Technology Learnings at omni:us | Celebrating a year on Medium

Nischal HP
omni:us
Published in
7 min readDec 10, 2018

A year ago, when we pushed for our first Medium blogpost, we were still figuring out how to use Medium to showcase some of our work and contribute to the community. Fast forward to December 2018, Medium has been a great platform for us. We are generating more views and reads every month and it’s also pushing us, as a technology team, to write good articles based on the scenarios we encounter in our day to day lives at omni:us. A big shout out to Vithya Gopal for helping us curate all the articles and bringing them to human-readable states.

We like statistics :P

Technology Team Culture.

The reason we are taking time out to write a post on the culture we follow in the tech team, is because we have grown from a team of just 6 people this time last year, to a team of 15+. We are a close-knit team of data scientists and engineers, so having the right culture and attitude towards problems and towards each other proved to be an essential component in helping us grow.

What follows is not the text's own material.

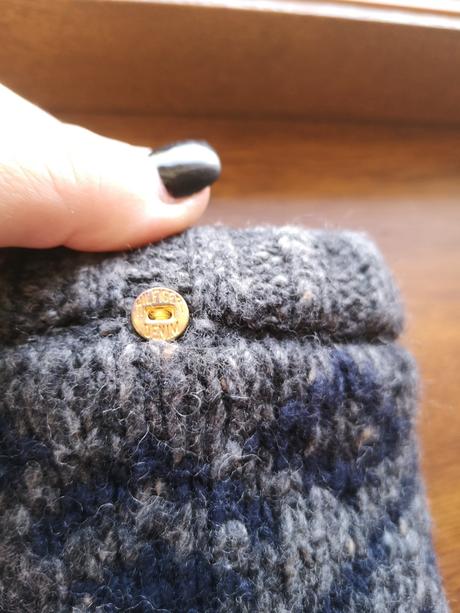 Dámsky hilfiger zimusny šál (snood), tommy hilfiger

Our data scientists build their own docker containers. Yes, you heard that right. Without building and testing their models/services via a docker container, the service does not get shipped into production. This saves a lot of time for the engineers to actually be able to work and manage the data engineering pipelines and other engineering platforms, without the overhead of needing to understand every single dependency required to run a deep learning system in production.

The engineering & operations team understand the meaning of precision, recall, accuracy, model performance, evaluation, test, train and validation datasets. They are building tools and processes to handle the end to end AI technology platform that we are building at omni:us. This helps the data scientists know that their models/services are in safe hands, without having to explain what the expected outcome is, every time they add or modify an AI module.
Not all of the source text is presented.